The real magic though is that the benefits of being disciplined will accrue like compound interest as you convert your monolithic object into an intricately structured tree which buds and sprouts and branches organically. You will benefit from this better design every minute you are working on the software, and the software will benefit greatly from your improved mood and ability to sustain focus.
A carefully tended Bonsai tree.
Code, like most human created artifacts, can be beautiful, so there is an aesthetic pay off here, but the real jackpot is that if you assiduously tend and groom this tree you will create a software design that slides into your head with minimal fuss and friction, and slides similarly into the heads of other people.
It’s no accident that we find natural environments to be more soothing than the made world, than the concrete jungle. The design of the natural world tends to be more in harmony with how our brains think about that world.
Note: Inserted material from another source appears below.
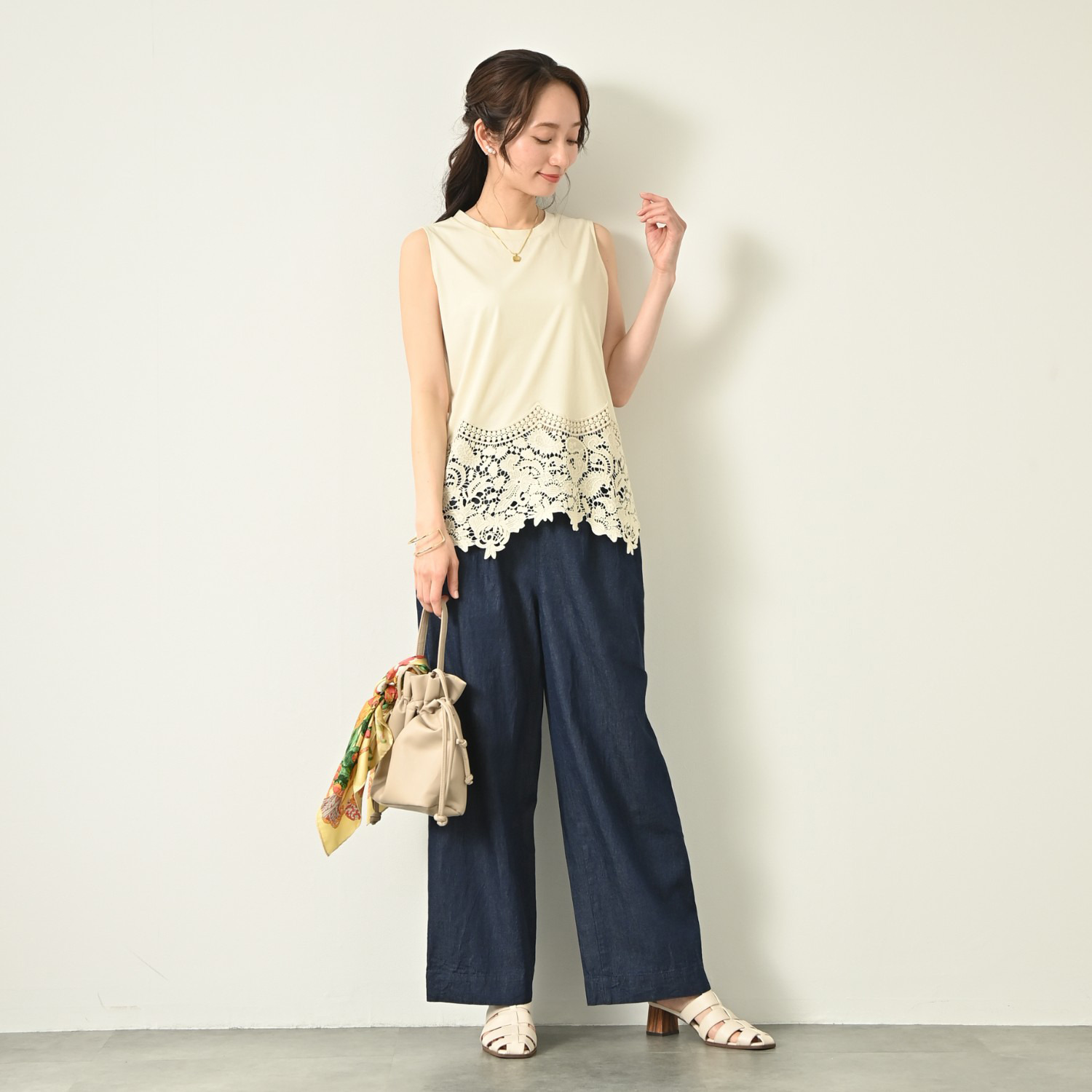 元町ゼラール フランス産リネン使用 ライトオンスデニム きれいめワイドストレート パンツ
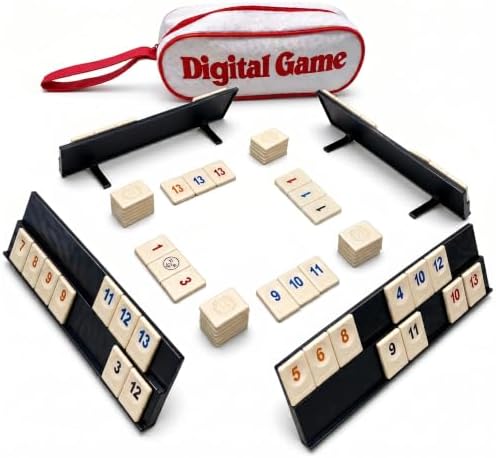 WYSWYG Rummy Cup Reisespiel – Romme Set mit 106 Spielsteinen & 4 Racks | Gesellschaftsspiel für 2–4 Spieler | Kompakt inkl. Leinentasche & Anleitung | Reisen & Geschenk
Game recognizes game.
Over time, you will grow a system that you and others can understand, maintain, debug and extend. When people look at your code years from now, maybe even in the far future, they will benefit from your diligence and hard work. And the punchline is doing all this is not hard. In fact, it’s much easier to do this work than not to not do it.
It’s easier and more pleasant to work with something that’s well crafted and simpatico with your thinking. It’s hard and unpleasant to constantly wrestle with something you don’t understand. Trim, prune and shape your objects early and often. Your brain will thank you.
- Hacker News comments on this article.
- Find your own digit span with this Digit Span Memory Test.
- Some Chimpanzees have better working memory than humans!
Postscript on APIs:
The article discusses objects and attributes, not methods and APIs. NumPy’s ndarray has 15 attributes but 50 methods. That’s totally fine, but imagine the opposite, if it had 50 attributes? That would probably be a mess.
Attributes are global variables in the structured program that is the object, so each additional attribute potentially complicates the implementation of every other method in the object, present and future.
In contrast, adding a new method is just adding a new useful thing you can do with that object, it doesn’t hurt the existing methods at all. This is part of the reason Functional Programming is based on functions. The only real cost of huge flat APIs is documentation and discovery, the programmer needs to be able to find what they need.
Creating a nicely balanced tree of objects as the implementation and then adding a flat API layer on top is sometimes the best of both worlds. Microservices lean towards this approach, they tend to have flat REST APIs, but inside they are free to use whatever implementation architecture makes sense.
Postscript on Mutable State:
An object with four boolean variables can be in one of 16 possible states. In theory every method of that object needs to work correctly in all 16 of those states. An object with 10 boolean variables has 1024 possible states. Every boolean attribute you add to an object doubles the number of possible states the object can be in. This is a big reason why limiting the number of attributes per object is a good idea.
Functional Programming usually advocates “no mutable state”. Applying this to OOP your object’s state should not change over its lifetime. An object with 1024 posible states is insane enough, but if that object hops around willy nilly in that state space over time, that’s the stuff of nightmares, and that’s daily life in many large OOP codebases.
Postscript on real-world OOP:
Large messy OOP codebases are maintained and extended only if they’ve become become extremely valuable. If your product is making more and more money, you can afford to hire more and more smart programmers to keep the party going. This leads to a survivorship bias where large actively maintained OOP codebases tend to be counter-examples towards how to do OOP well, serving as a bad example on the impressionable minds working on the code. Those who realize this might be tempted to start fresh on a new codebase, possibly at a new company.